Chinese Breakfast | ||||||||||||||||||||||
Tired of cornflakes and milk? Start your day with a Chinese breakfast | ||||||||||||||||||||||
What do the Chinese eat for breakfast? This isn't a question that's likely to arise in the average cooking class. Like dessert, we don't tend to think of breakfast in connection with Chinese cooking. And the truth is that many westerners would be reluctant to try it. While we think of rice as belonging at the dinner table, in many parts of China this nutritious staple is consumed three times daily, including for breakfast. Nonetheless, there's more similarity between a Chinese and western breakfast than it would first appear. Many Chinese begin their day with a warm bowl of congee, a watery rice gruel that bears a marked resemblance to porridge.
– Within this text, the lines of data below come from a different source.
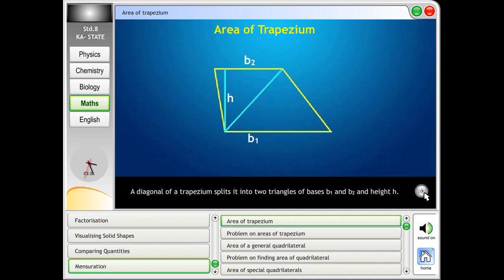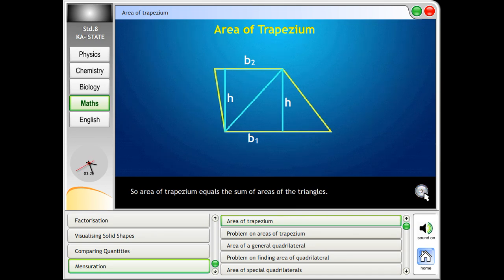A diagonal of a trapezium splits it into two triangles of bases b1 and b2, and height h. So, area of trapezium equals the sum of areas of the triangles.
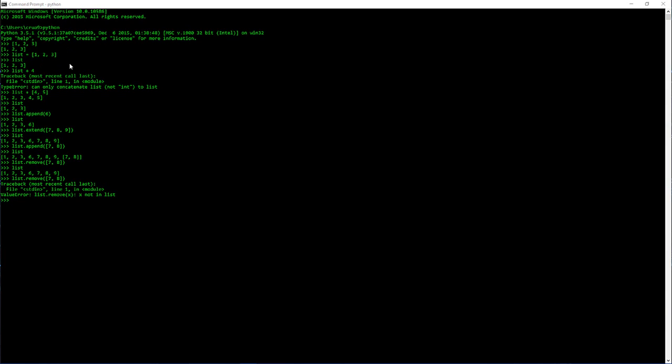If we assign it to a variable, we can recall it later, modify it and a few other things. One thing to note is we cannot add integers to the list, but we can add another list to our current list.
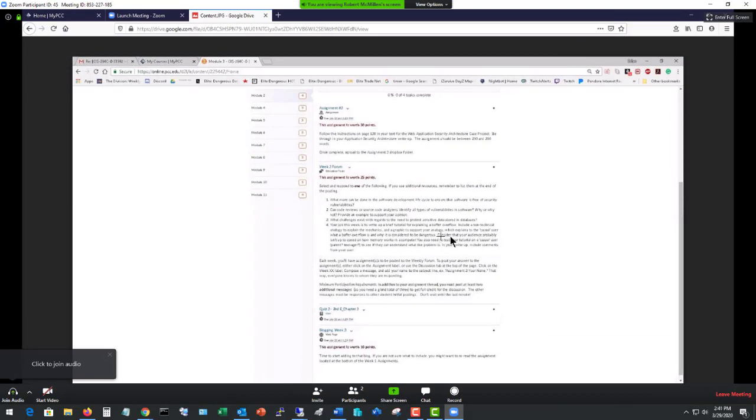Now at this point, I cannot do anything with the file. So I can't print it. I can't share it. I can do a screenshot of it from my host computer, but I can't really grab that particular file. So there's another way that we can do that.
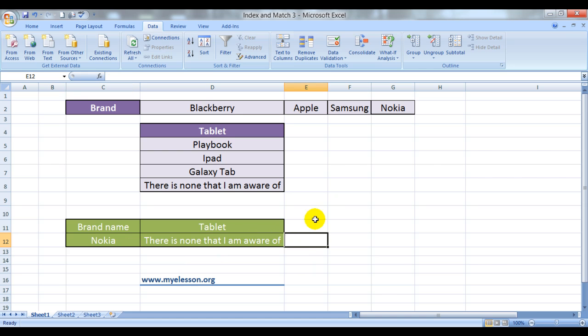So, this is index and match function, one of the most powerful functions that you'll find in Microsoft Excel. This Excel file that you're looking at is available on my website for free. The name of the website is www.myelesson.org. You can go down here to download this file for free.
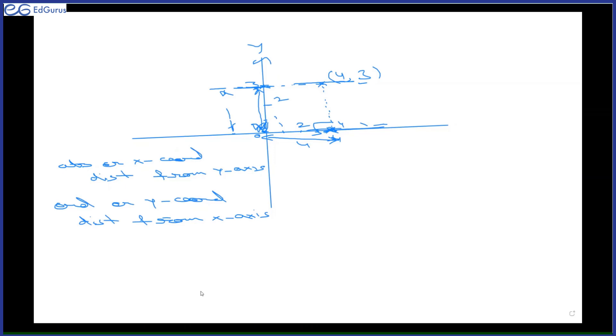In which quadrant does point three comma minus one lie? Fourth quadrant. Good. Does zero comma minus two lie on the y-axis? Yes — because x is zero, so the point is on the y-axis. Good.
But while even the most devoted fan of porridge would probably balk at being forced to consume the white stuff day after day, the variety of seasonings used to make congee ensure that it need not ever become boring. Congee can be sweet or savory; seasoned with everything from chicken to mushrooms. Often, the meat is marinated before being added to the rice. The word congee (also known as jook in Canton) comes from the Indian "kanji", which refers to the water in which the rice has been boiled. (In parts of India today the word congee still refers both to the boiled water and the rice dish itself). In Chinese Food, Kenneth Lo notes that congee serves two purposes - besides warming the body, it takes the place of a beverage, as the Chinese don't normally serve cold drinks.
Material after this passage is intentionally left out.